__Problem statement__: Set the pictures aside and transcribe exactly the lines from the one containing "COVER BATTERIA SAMSUNG" through the final line of the records.

Records contained in a dataset
----
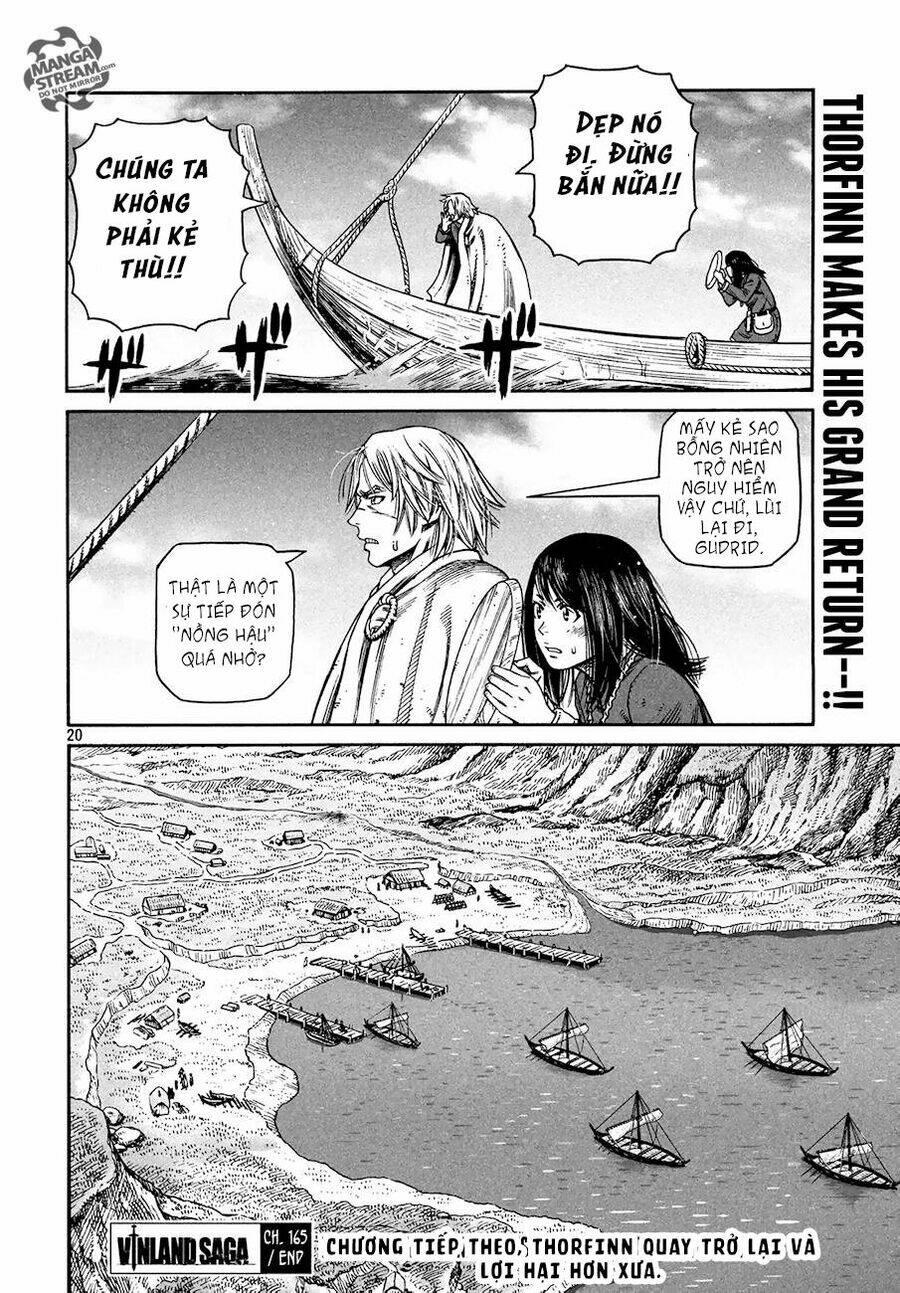 Truyền Thuyết Miền Đất Hứa - Chapter 165 - Page 20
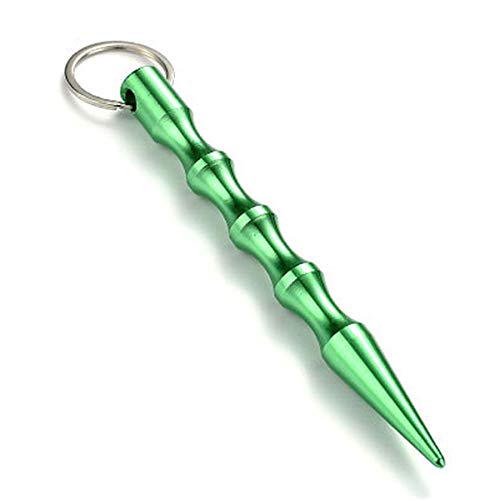 Beuya Llavero de Defensa DIY Autodefensa Llavero autodefensa del palillo de Llavero de Aluminio táctico Kubotan Llavero de Aluminio Anti-Lobo, los Anillos de Aviación (Nu-08) Beuya Llavero de Defensa DIY Autodefensa Llavero autodefensa del palillo de Llavero de Aluminio táctico Kubotan Llavero de Aluminio Anti-Lobo, los Anillos de Aviación (Nu-08)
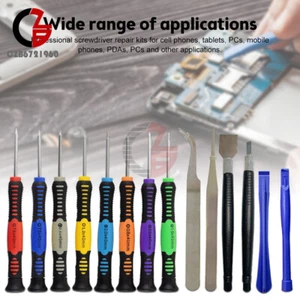 Kit de herramientas de reparación de apertura de pantalla de teléfono móvil 20 en 1 juego de destornilladores para iPhone - Imagen 1 de 14
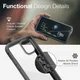 Raptic Shield Apple iPhone 11 Hoesje Militair Getest 3M Iridescent afbeelding 9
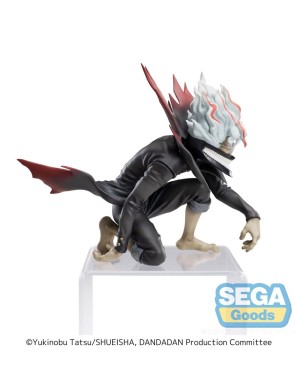 Sega Premium Perching Figure DanDaDan Okarun Transformed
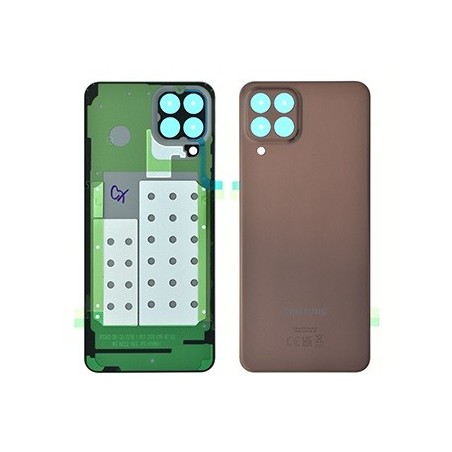 COVER BATTERIA SAMSUNG GALAXY M33 5G SM-M336 MARRONE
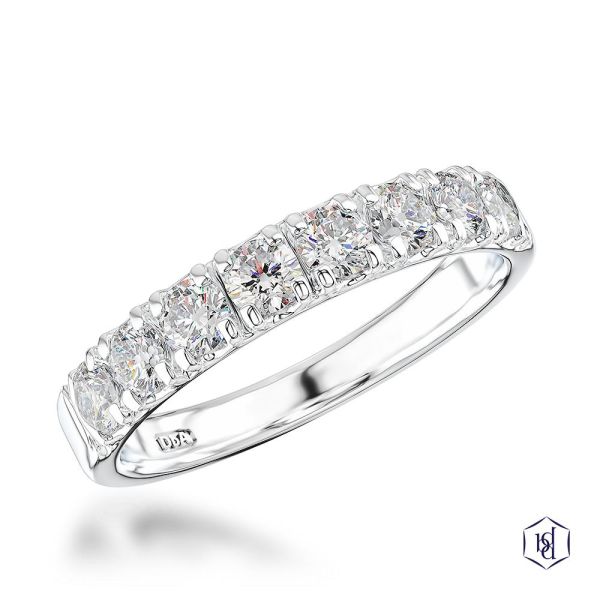 Skye Eternity Wedding Band, 0.74ct-0152028
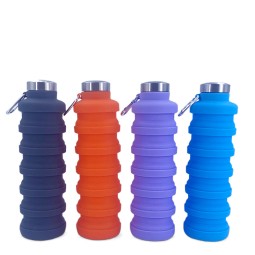 Collapsible Bottle Factory - BPA Free Silicone Foldable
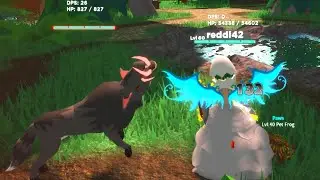 Doing all main quests and farming for free mount in World Zero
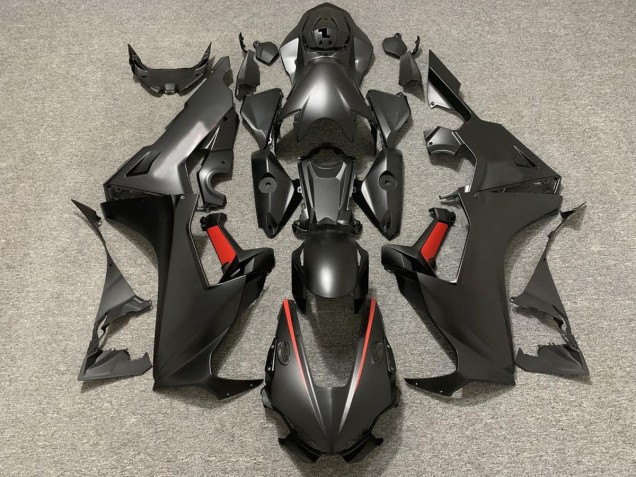 Matt Schwarz & Rot 17-23 CBR1000RR Motorrad Verkleidung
----
__Your response__:
 COVER BATTERIA SAMSUNG GALAXY M33 5G SM-M336 MARRONE
 Skye Eternity Wedding Band, 0.74ct-0152028
 Collapsible Bottle Factory - BPA Free Silicone Foldable
 Doing all main quests and farming for free mount in World Zero
 Matt Schwarz & Rot 17-23 CBR1000RR Motorrad Verkleidung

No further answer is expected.